● **What you need to do**
Without including any pictures, give back all of the data exactly.
____
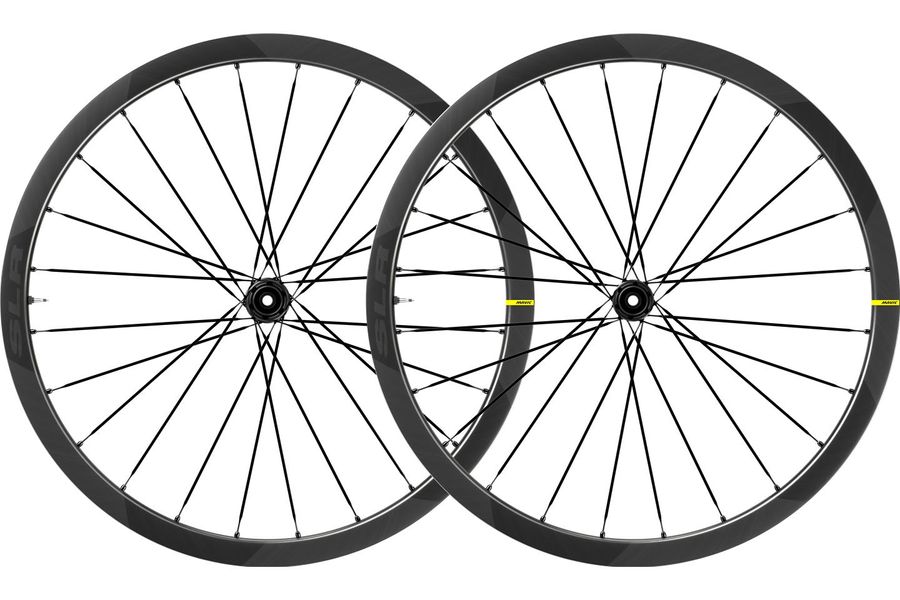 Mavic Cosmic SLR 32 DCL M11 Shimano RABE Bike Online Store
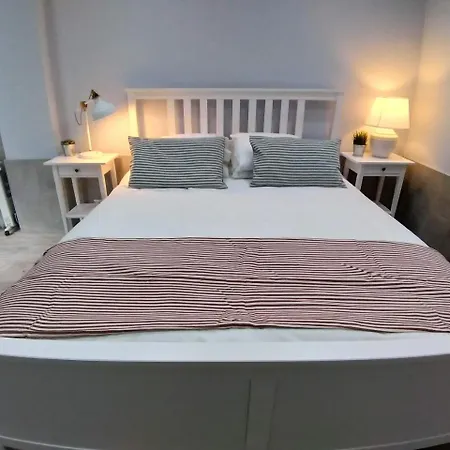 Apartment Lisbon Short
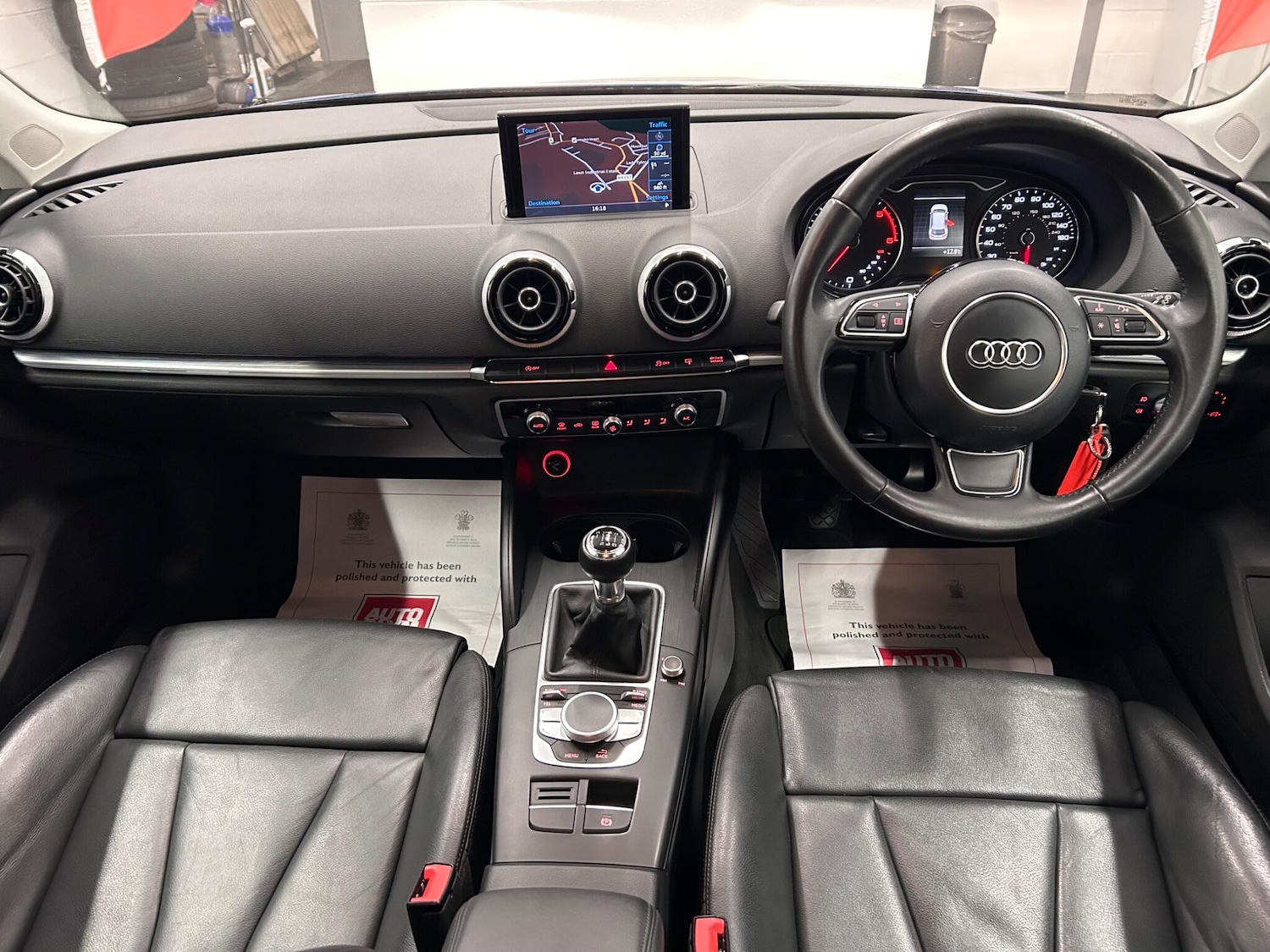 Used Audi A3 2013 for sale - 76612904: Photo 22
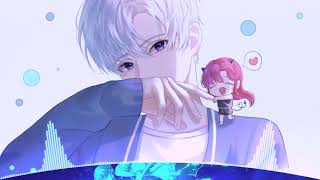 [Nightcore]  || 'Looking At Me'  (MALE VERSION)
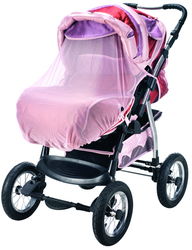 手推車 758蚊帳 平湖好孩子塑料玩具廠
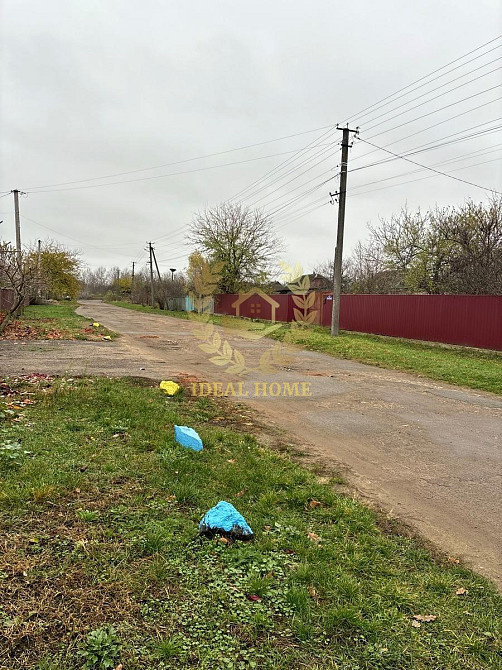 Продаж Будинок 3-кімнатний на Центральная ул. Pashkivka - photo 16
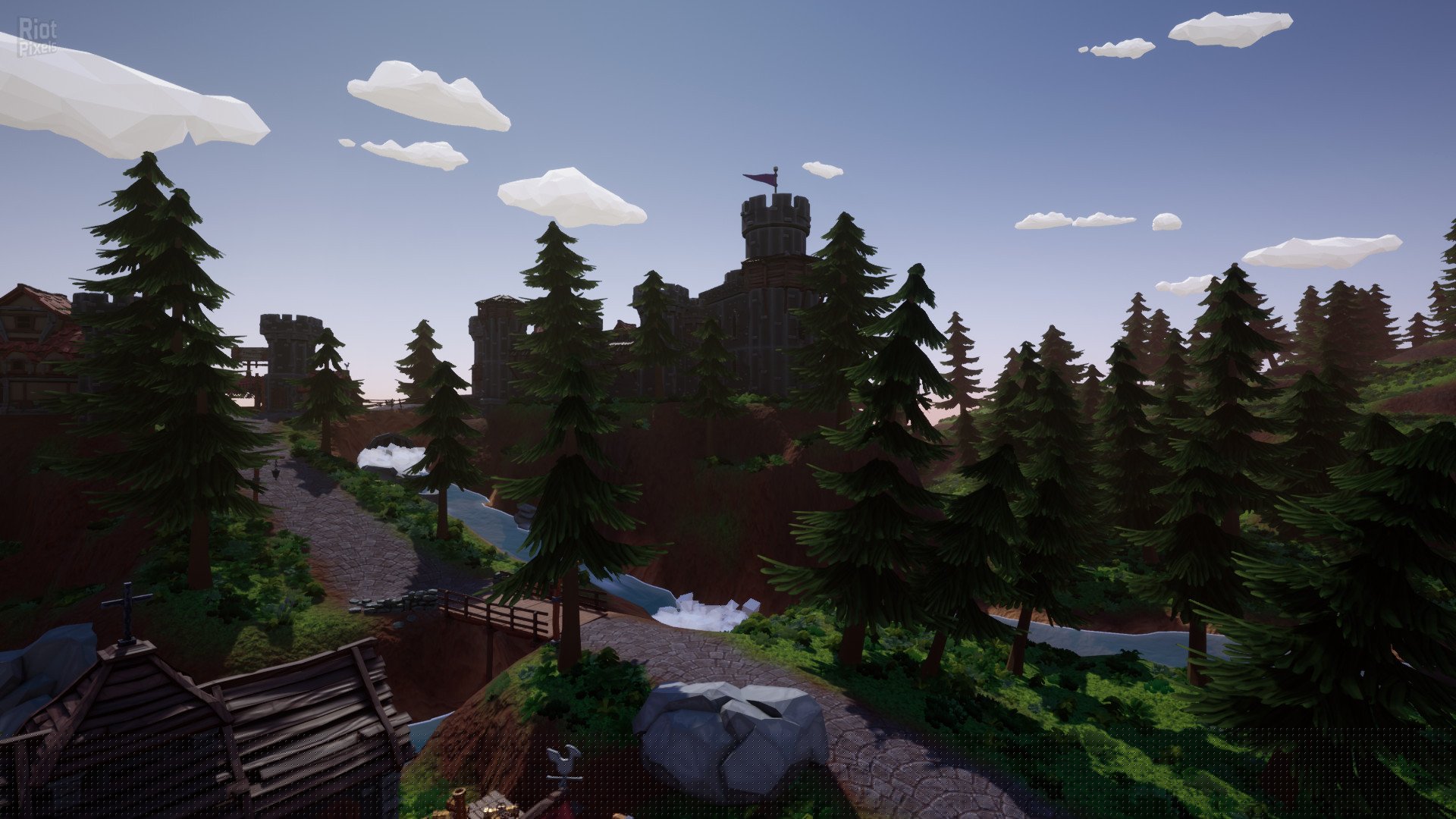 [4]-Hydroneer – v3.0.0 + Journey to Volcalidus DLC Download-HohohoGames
____
● **Answer section**
 Mavic Cosmic SLR 32 DCL M11 Shimano RABE Bike Online Store
 Apartment Lisbon Short
 Used Audi A3 2013 for sale - 76612904: Photo 22
 [Nightcore]  || 'Looking At Me'  (MALE VERSION)
 手推車 758蚊帳 平湖好孩子塑料玩具廠
 Продаж Будинок 3-кімнатний на Центральная ул. Pashkivka - photo 16
 [4]-Hydroneer – v3.0.0 + Journey to Volcalidus DLC Download-HohohoGames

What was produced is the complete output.